• WORK ITEM:
Taking the entries below from the top, restate each line exactly and end with the line containing "Hey guys, this".
##### DATA LISTING
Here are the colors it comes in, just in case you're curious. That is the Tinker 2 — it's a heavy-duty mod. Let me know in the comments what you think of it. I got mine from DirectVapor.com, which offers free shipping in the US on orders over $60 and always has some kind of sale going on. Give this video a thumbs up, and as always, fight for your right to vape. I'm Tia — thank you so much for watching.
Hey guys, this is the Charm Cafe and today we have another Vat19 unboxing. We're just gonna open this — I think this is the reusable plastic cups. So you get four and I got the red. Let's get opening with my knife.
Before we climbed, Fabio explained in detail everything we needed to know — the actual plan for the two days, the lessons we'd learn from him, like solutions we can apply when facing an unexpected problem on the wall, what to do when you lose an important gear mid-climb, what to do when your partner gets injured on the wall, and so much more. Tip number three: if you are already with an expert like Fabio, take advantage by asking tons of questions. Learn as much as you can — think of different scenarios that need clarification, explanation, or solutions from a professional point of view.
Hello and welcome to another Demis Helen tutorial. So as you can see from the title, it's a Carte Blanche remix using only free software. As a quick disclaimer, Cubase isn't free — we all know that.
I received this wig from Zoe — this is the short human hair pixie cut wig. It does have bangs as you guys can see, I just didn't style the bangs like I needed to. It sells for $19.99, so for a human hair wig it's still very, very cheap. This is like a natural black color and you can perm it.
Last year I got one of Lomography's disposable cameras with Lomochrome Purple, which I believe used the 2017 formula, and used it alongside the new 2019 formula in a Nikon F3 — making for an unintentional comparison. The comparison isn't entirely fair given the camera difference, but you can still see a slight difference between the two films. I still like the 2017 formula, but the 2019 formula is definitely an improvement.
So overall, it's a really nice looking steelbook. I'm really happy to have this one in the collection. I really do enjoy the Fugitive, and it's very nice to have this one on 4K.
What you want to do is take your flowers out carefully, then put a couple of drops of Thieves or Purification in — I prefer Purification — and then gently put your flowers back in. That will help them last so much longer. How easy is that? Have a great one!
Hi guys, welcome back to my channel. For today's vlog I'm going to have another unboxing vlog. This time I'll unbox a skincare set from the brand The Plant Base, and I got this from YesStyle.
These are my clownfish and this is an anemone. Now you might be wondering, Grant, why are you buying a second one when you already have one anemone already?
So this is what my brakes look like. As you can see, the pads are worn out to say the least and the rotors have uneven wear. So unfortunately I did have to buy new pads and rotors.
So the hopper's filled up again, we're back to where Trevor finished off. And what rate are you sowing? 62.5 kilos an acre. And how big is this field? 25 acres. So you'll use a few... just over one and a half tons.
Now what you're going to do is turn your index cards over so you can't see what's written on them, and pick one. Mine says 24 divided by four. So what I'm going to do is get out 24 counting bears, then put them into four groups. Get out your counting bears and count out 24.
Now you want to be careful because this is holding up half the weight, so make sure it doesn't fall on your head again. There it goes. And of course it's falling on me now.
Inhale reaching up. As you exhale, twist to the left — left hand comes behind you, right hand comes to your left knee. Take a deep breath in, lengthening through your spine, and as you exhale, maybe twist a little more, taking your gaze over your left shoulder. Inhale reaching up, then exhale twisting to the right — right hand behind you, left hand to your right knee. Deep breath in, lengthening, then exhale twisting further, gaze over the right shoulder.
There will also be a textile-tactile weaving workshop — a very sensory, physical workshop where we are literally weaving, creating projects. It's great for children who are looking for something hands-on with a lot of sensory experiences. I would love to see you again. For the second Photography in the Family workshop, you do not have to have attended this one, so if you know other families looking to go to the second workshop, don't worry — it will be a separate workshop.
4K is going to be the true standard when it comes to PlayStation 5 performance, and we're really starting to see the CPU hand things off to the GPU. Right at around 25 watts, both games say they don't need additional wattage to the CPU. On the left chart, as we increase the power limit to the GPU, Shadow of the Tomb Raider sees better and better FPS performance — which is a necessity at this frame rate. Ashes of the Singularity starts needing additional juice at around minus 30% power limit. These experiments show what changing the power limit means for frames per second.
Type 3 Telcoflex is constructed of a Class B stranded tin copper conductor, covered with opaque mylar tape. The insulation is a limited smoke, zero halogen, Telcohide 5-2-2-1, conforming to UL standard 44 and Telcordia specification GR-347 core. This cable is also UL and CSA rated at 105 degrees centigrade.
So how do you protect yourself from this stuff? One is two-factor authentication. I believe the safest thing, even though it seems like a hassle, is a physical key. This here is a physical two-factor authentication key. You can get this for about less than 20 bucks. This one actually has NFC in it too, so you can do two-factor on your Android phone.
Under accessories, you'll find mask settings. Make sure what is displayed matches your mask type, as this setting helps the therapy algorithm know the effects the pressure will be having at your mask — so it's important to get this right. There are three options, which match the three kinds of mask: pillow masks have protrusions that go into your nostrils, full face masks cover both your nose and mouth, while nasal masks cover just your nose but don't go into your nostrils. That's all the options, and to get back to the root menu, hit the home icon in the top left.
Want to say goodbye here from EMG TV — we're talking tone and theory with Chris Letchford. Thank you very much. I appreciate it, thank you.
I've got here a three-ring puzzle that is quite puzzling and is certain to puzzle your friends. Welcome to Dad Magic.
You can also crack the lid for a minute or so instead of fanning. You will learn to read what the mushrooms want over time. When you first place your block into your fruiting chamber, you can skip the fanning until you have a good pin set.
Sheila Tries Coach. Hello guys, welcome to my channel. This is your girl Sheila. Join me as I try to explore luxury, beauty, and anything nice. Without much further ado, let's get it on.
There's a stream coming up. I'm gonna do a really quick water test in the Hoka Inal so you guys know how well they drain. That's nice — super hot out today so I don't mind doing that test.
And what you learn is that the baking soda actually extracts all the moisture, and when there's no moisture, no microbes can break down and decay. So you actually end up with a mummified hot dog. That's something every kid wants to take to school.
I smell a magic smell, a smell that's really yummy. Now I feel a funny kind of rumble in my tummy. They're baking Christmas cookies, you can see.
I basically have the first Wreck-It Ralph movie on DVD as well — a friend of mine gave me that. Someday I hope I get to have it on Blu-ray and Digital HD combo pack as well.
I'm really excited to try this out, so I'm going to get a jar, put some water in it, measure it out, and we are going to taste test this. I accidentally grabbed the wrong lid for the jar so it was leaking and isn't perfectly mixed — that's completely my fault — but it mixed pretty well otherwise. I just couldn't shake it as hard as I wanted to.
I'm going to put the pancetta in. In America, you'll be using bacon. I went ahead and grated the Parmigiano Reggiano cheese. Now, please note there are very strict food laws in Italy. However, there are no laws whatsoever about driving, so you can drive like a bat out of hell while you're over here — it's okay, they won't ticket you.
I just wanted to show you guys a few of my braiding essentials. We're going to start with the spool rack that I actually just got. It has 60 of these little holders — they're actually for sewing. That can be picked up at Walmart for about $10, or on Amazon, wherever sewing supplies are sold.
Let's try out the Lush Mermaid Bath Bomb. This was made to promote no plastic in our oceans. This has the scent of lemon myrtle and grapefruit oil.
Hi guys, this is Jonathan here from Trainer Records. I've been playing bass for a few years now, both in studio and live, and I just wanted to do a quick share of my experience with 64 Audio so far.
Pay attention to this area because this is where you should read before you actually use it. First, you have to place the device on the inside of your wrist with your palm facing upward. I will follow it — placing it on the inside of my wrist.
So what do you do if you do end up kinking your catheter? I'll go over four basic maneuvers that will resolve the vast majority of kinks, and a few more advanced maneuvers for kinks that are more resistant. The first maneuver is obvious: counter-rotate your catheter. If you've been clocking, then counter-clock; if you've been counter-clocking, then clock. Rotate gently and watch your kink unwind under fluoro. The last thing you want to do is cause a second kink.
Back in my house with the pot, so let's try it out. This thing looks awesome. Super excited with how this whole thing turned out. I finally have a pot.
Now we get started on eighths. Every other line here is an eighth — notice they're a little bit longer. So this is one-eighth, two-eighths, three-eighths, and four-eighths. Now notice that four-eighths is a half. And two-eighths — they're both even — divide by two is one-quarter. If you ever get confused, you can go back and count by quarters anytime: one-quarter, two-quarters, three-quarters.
##########
• SOLUTION FOR THIS EXERCISE:
Here are the colors it comes in, just in case you're curious. That is the Tinker 2 — it's a heavy-duty mod. Let me know in the comments what you think of it. I got mine from DirectVapor.com, which offers free shipping in the US on orders over $60 and always has some kind of sale going on. Give this video a thumbs up, and as always, fight for your right to vape. I'm Tia — thank you so much for watching.
Hey guys, this is the Charm Cafe and today we have another Vat19 unboxing. We're just gonna open this — I think this is the reusable plastic cups. So you get four and I got the red. Let's get opening with my knife.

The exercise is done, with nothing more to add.